_WHAT THE EXERCISE ASKS_
For this exercise, restate every line below word for word and drop the images.

_GIVEN ENTRIES_
═══

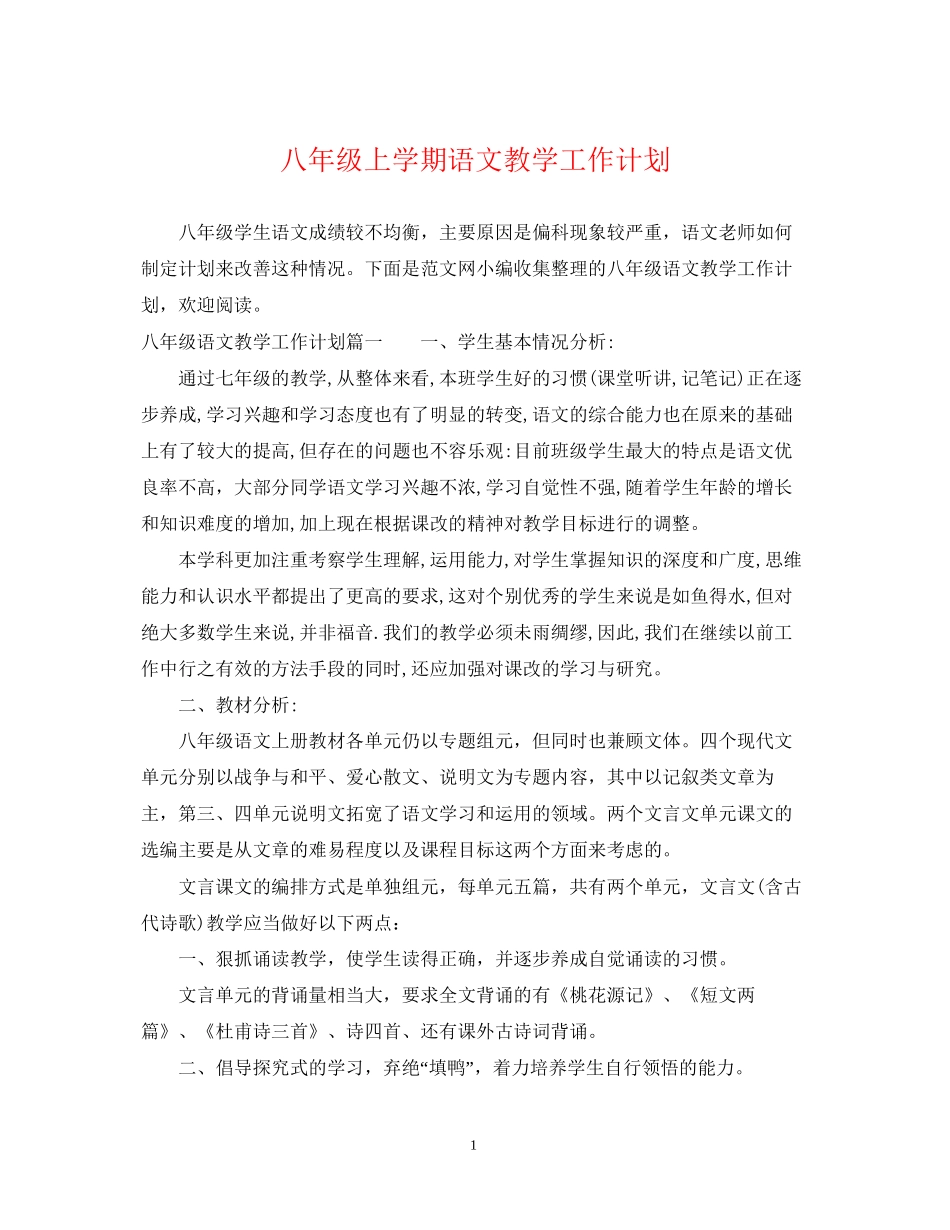 八年级上学期语文教学工作计划_第1页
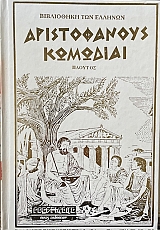 ������������ �������� ������� (67.770�)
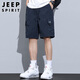 JEEP SPIRIT Jeep ice silk cargo shorts men's summer thin loose American casual shorts dark gray 3XL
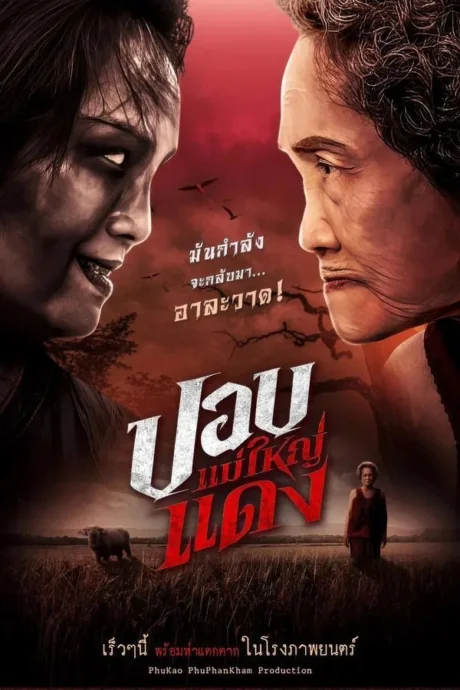 ปอบแม่ใหญ่แดง 2024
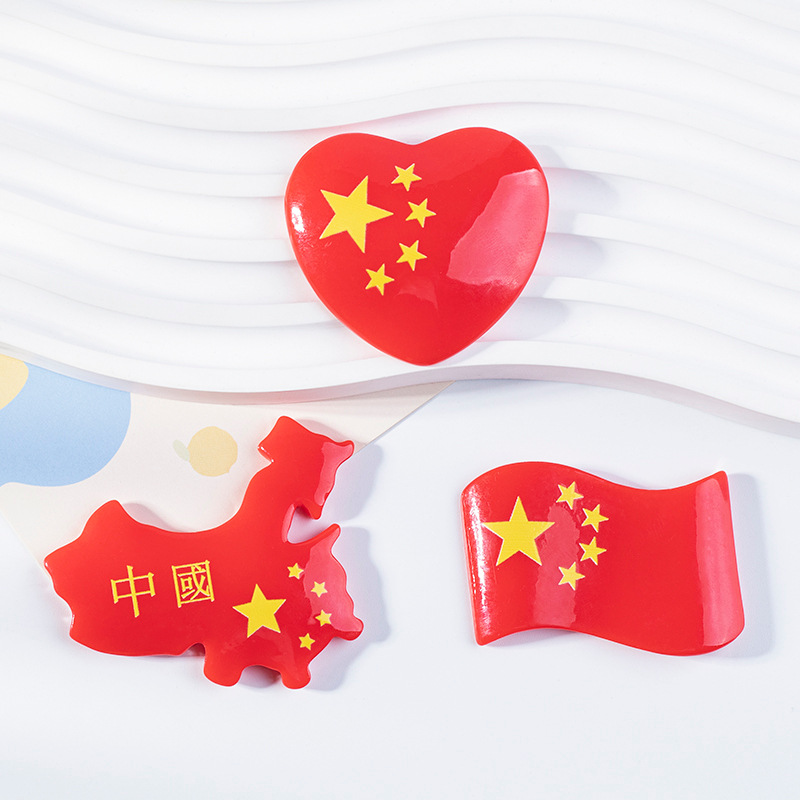 国庆节五星红旗地图爱心树脂配件 diy奶油胶手机壳贴片水杯贴材料
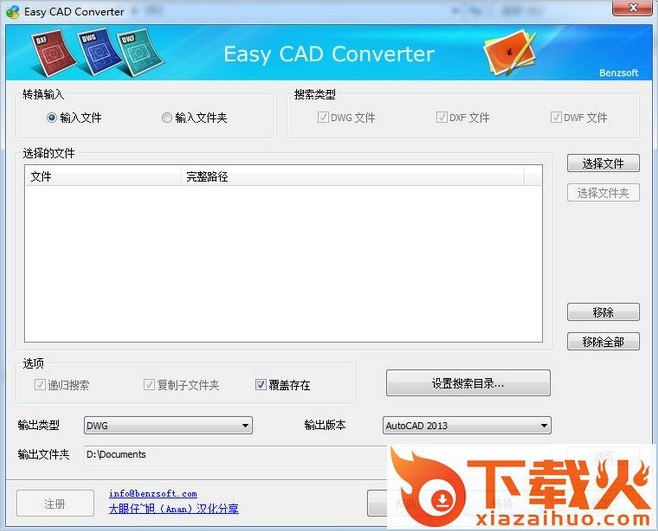 桂软dwg格式转换器 v2018 官方版 截图1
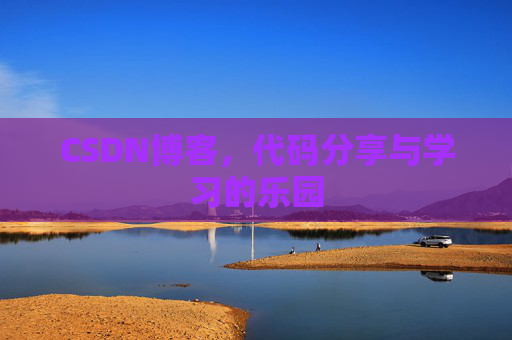 CSDN博客,代码分享与学习的乐园 CSDN博客,代码分享与学习的乐园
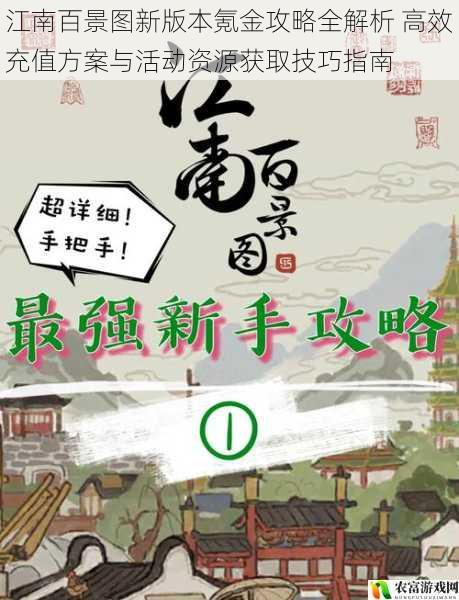 江南百景图新版本氪金攻略全解析 高效充值方案与活动资源获取技巧指南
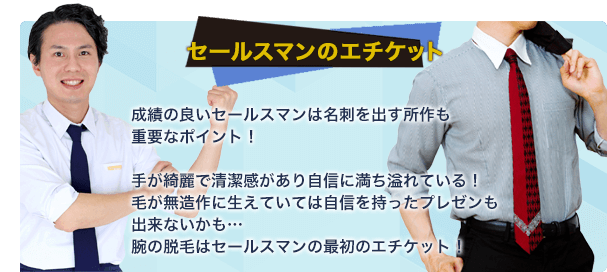 成績の良いセールスマンは名刺を出す所作も重要なポイント!手が綺麗で清潔感があり自信に満ち溢れている!毛が無造作に生えていては自信を持ったプレゼンも出来ないかも…腕の脱毛はセールスマンの最初のエチケット!
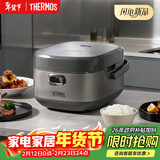膳魔师（THERMOS）电饭煲有钛内胆不粘家用0氟涂层加热一级能效多功能智能4升3-5人 【有钛内胆】0涂层健康饭 4L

═══

_ANSWER TO THIS TASK_
 八年级上学期语文教学工作计划_第1页
 ������������ �������� ������� (67.770�)
 JEEP SPIRIT Jeep ice silk cargo shorts men's summer thin loose American casual shorts dark gray 3XL
 ปอบแม่ใหญ่แดง 2024
 国庆节五星红旗地图爱心树脂配件 diy奶油胶手机壳贴片水杯贴材料
 桂软dwg格式转换器 v2018 官方版 截图1
 CSDN博客,代码分享与学习的乐园 CSDN博客,代码分享与学习的乐园
 江南百景图新版本氪金攻略全解析 高效充值方案与活动资源获取技巧指南
 成績の良いセールスマンは名刺を出す所作も重要なポイント!手が綺麗で清潔感があり自信に満ち溢れている!毛が無造作に生えていては自信を持ったプレゼンも出来ないかも…腕の脱毛はセールスマンの最初のエチケット!
膳魔师（THERMOS）电饭煲有钛内胆不粘家用0氟涂层加热一级能效多功能智能4升3-5人 【有钛内胆】0涂层健康饭 4L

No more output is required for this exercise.